History of the Constitution of the United State
History of the Constitution of the United States
The United States Constitution became the supreme law of the land on March 4, 1789, six years after the end of the American Revolution in 1783. Why was the Constitution adopted so many years after the Revolution? The answer is that the Constitution was not the first document written to govern the new country. The Articles of Confederation was.
Following the Declaration of Independence on July 4, 1776, the members of the Continental Congress realized that it would be necessary to set up a national government. The newly formed states feared that a strong central government would create oppression and decrease the power of the people. They had just fought a war against a powerful king, and did not want their new government to have too much control over what their states could do.
The representatives of the 13 states agreed to a confederacy, or alliance, providing each state maintained its own sovereignty and all rights to govern itself, except those rights specifically granted to Congress.

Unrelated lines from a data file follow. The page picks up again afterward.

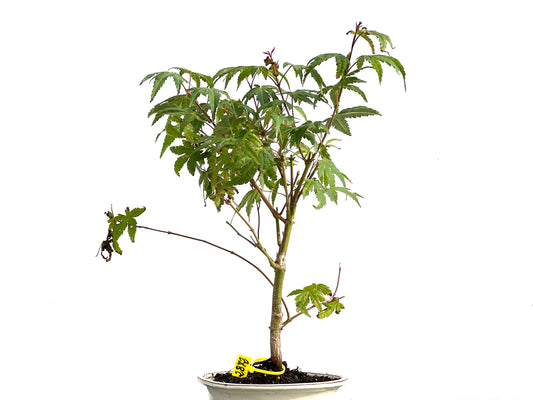 Acer Palmatum 2872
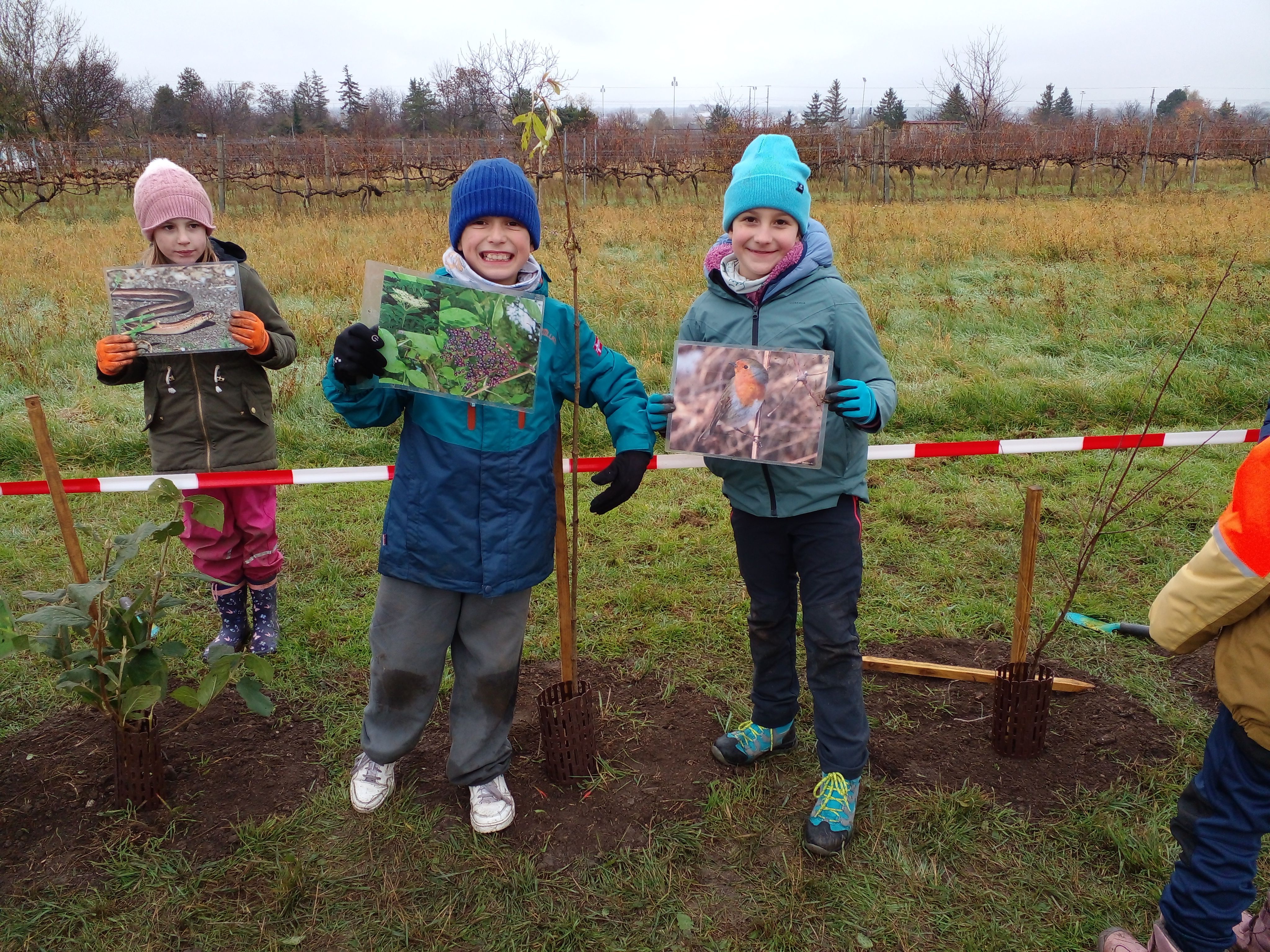 Kinder zeigen Bildfolien zu den eingesetzten Gehölzen.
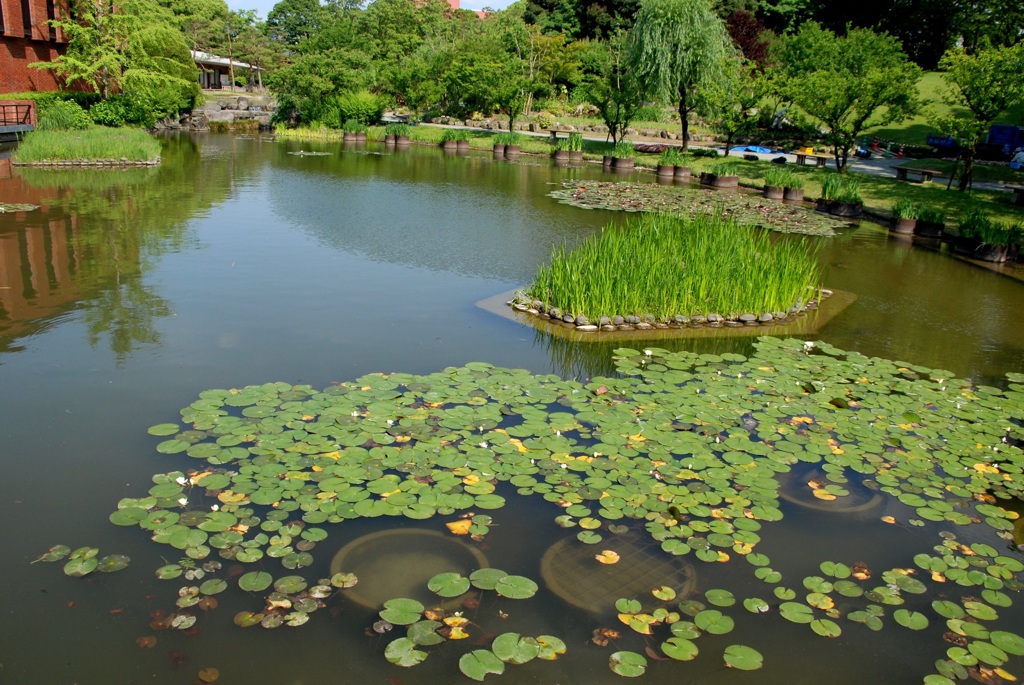 蓮の池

The Articles of Confederation became the original constitution of this confederacy, which the representatives chose to name The United States of America.

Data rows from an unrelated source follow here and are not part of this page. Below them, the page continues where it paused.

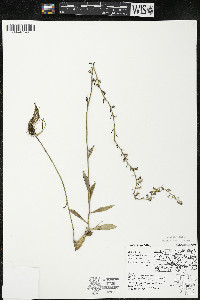 Lobelia spicata var. hirtella image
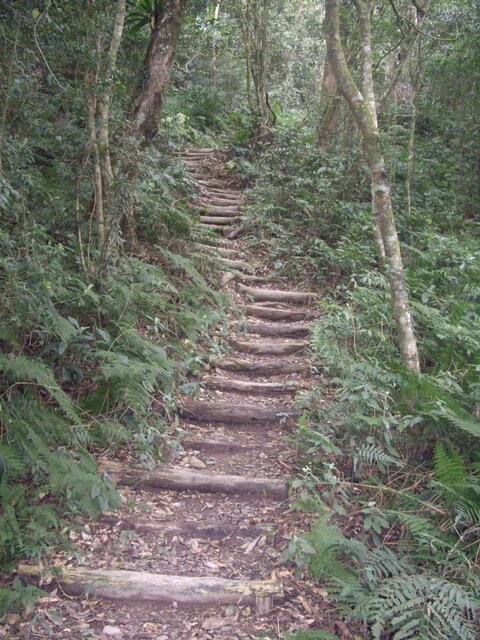 尾寮山西北峰、尾寮山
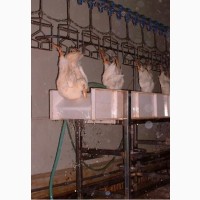 Automatic Chicken Slaughter House Machine - Brand New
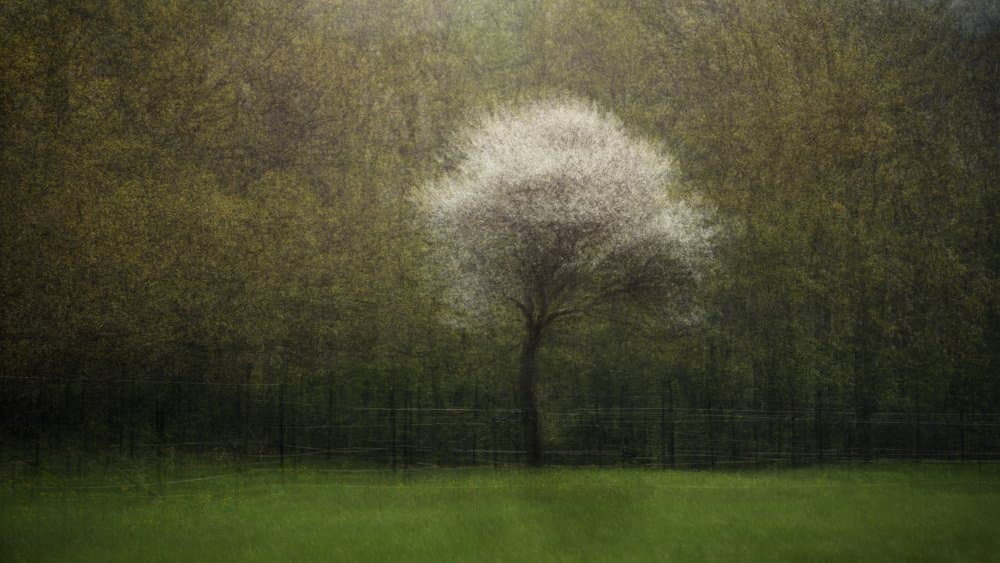 Dreamy Solitary Tree by Katarina Holmström — canvas wall art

The Articles of Confederation contained the terms, agreed to by the 13 new states, by which the states would participate in a centralized form of national government, in addition to their self-rule. Adopted on March 1, 1781, the Articles were in effect until the Constitution took its place. It was not long however, before there were problems.
The Articles of Confederation did not work as well as its framers had expected. The Articles did work effectively in some areas such as:
Congress had the power to deal with foreign countries and make treaties, or formal agreements, with them.
Congress had the authority to declare war, direct the Continental Army, and make peace such as it did when it wrote the Treaty of Paris which established peace between the United States and Great Britain in 1783.
Under the authority granted to it, Congress set up the first postal service, oversaw the expansion of the population into the western part of the country and the formation of new states.
Congress established the nation’s first coin money and managed affairs with the Native Indians.
However, the Articles had placed too much power in the states’ control which caused ongoing disagreements between them. Other problems included:
Congress had no power to oversee trade between the states and each state could place tariffs, or taxes, on goods moving through its state. There was no one entity charged with enforcing treaties with foreign countries.
Congress did not have the power to raise money to pay for military actions against foreign powers such as the Spanish and English who threatened the borders.
The national government did not have the power to make the states follow its laws, and it could not enforce the paying of money that was due from each state to support the national government.
There was no national system of courts to settle disputes about laws.
Congress lacked leadership, as there was no president.
It was time for change and a new governing document, the Constitution, was written during the Philadelphia Convention—now known as the Constitutional Convention—which met from May 25 to September 17, 1787. The Constitution was signed on September 17, 1787. On June 21, 1788, New Hampshire became the ninth state to ratify, or approve, the Constitution. Congress established March 4, 1789, as the date to begin operating a new government under the Constitution.